BEGIN
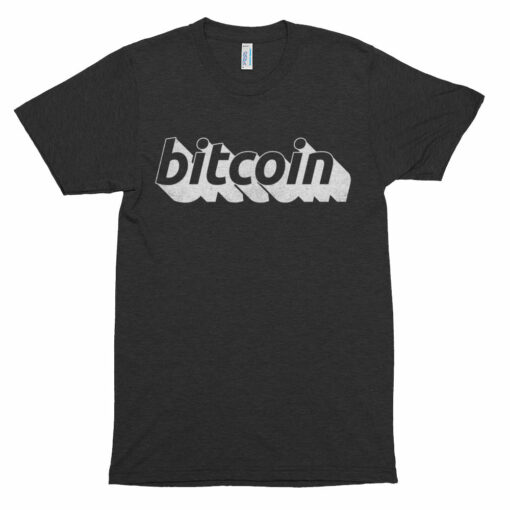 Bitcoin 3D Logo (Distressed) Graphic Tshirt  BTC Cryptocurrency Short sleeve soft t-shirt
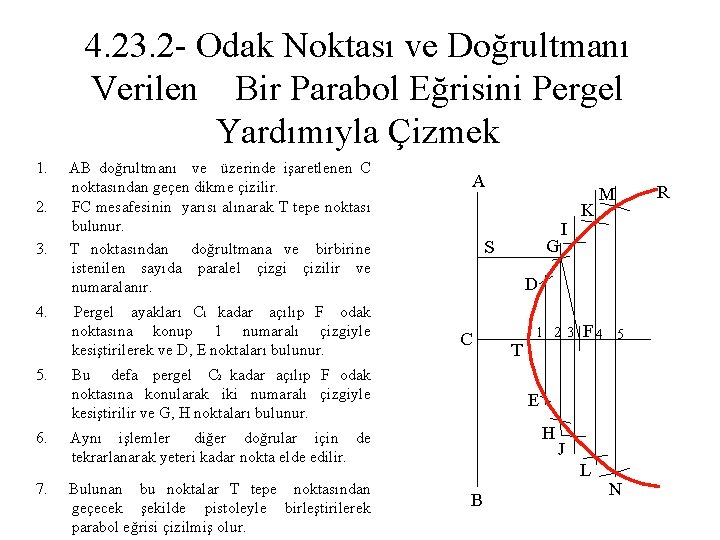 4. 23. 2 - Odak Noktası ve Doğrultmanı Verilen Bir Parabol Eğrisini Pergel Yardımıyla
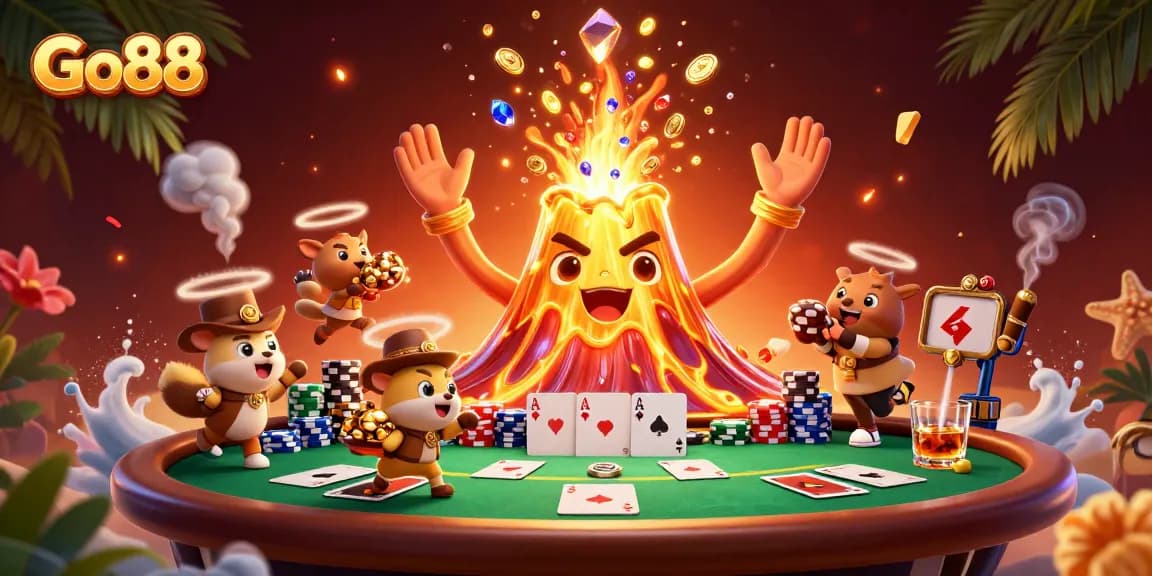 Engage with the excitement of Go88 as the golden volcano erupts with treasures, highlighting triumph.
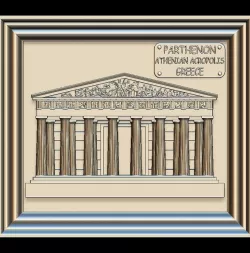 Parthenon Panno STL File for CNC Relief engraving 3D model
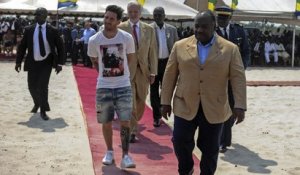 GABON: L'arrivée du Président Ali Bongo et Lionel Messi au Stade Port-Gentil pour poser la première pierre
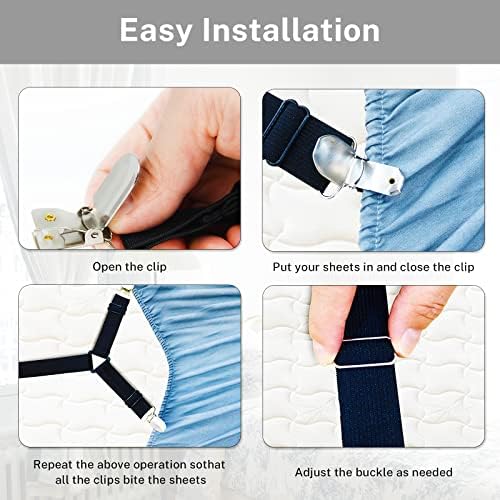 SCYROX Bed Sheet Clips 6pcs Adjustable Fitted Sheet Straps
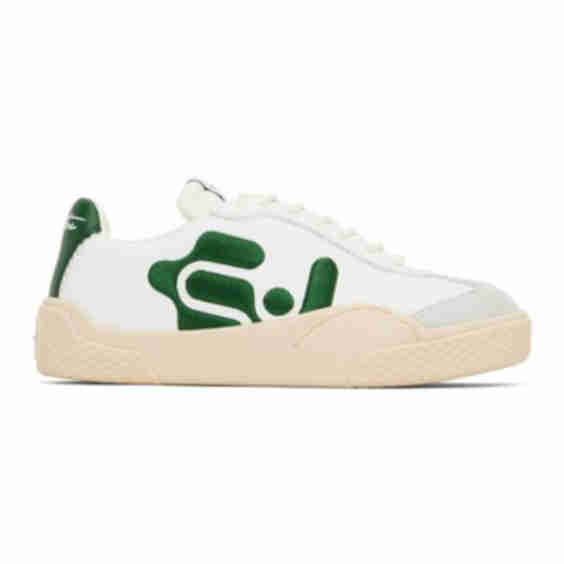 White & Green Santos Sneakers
END
◆ Work required
Please repeat each line above exactly as it appears, but omit the pictures.

◆ Response area
 Bitcoin 3D Logo (Distressed) Graphic Tshirt  BTC Cryptocurrency Short sleeve soft t-shirt
 4. 23. 2 - Odak Noktası ve Doğrultmanı Verilen Bir Parabol Eğrisini Pergel Yardımıyla
 Engage with the excitement of Go88 as the golden volcano erupts with treasures, highlighting triumph.
 Parthenon Panno STL File for CNC Relief engraving 3D model
 GABON: L'arrivée du Président Ali Bongo et Lionel Messi au Stade Port-Gentil pour poser la première pierre
 SCYROX Bed Sheet Clips 6pcs Adjustable Fitted Sheet Straps
 White & Green Santos Sneakers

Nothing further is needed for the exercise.